Secara umum melalui UU No. 20 Tahun 2001 Perubahan atas UU No. 31 Tahun 1999 tentang Pemberantasan Tindak Pidana Korupsi terbagi atas 30 jenis dan digolongkan dalam 7 bagian yaitu yaitu kerugian keuangan negara, suap-menyuap, penggelapan dalam jabatan, pemerasan, perbuatan curang, benturan kepentingan dalam pengadaan, dan gratifikasi.
Akan tetapi yang menjadi tujuan penindakan hanya beberapa diantara golongan tersebut, sementara pungli yang mestinya menjadi bagian dalam tindak pidana korupsi tak juga dijerat hukum korupsi. Operasi Tangkap Tangan (OTT) korupsi kian mencekam, lihat saja OTT pejabat partai politik sekaligus seorang menteri yang awalnya memberi nuansa baru nampaknya sudah mulai rumit dan bahkan untuk memeriksa tempat tertentu saja disempurnakan setelah sidang dakwaan. Malahan jadinya suap-menyuap padahal itu dana bencana yang harusnya menjadi momentum untuk menuntut maksimal yang hingga hari ini hanya terkesan sebagai statement saja. Belum diratifikasinya korupsi di sektor korporasi/swasta menambah kusut makna pemberantasan korupsi.

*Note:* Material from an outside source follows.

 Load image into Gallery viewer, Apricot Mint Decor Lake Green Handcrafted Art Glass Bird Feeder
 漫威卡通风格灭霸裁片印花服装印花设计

Kasus-kasus seperti pengalihan hak tagih yang dilakukan oleh Djoko Tjandra dan penyuapan oleh Harun Masiku menambah daftar panjang buruknya penanganan korupsi di Indonesia. Lihat saja data oleh peneliti Indonesia Corruption Watch (ICW) yang menyebutkan terdapat 169 kasus korupsi selama periode semester satu tahun 2020. 139 kasus di antaranya merupakan kasus korupsi baru. Kemudian, ada 23 pengembangan kasus serta 23 operasi tangkap tangan (OTT). Tersangka yang ditetapkan ada 372 orang dengan nilai kerugian negara sebesar Rp 18,1 triliun. Tidak hanya perilaku korup yang menjadi sorotan, lembaga yang bertugas memberantas korupsi pun tak pelak ikut ambil bagian, Sehingga menimbulkan tanya, bagaimana membersihkan negeri dari korupsi dengan menggunakan sapu kotor?.
Revisi Undang-Undang No. 30 Tahun 2002 tentang Komisi Pemberantasan Korupsi (KPK) yang dilakukan sekitar satu tahun silam pun dianggap tidak berkontribusi dalam memperbaiki masalah yang ada. Bahkan ICW memberi rapor merah atas kinerja Komisi Pemberantasan Korupsi (KPK) dalam memberantas korupsi di tahun 2020. Pemberian angka merah itu berdasarkan laporan hasil pemantauan kinerja penindakan kasus korupsi tahun 2020 oleh ICW. Keterlibatan oknum penyidik KPK pada kasus korupsi kepala daerah baru-baru ini memperburuk citra dan mengamini bahwa lembaga anti rasuah ini sedang tidak baik-baik saja. Bagaimana mungkin pihak yang seharusnya memberantas korupsi malah ikut ‘berkelindan’ dalam pusaran kotor tersebut?. Hal itu menjadi ‘tamparan keras’ pada lembaga anti rasuah ini.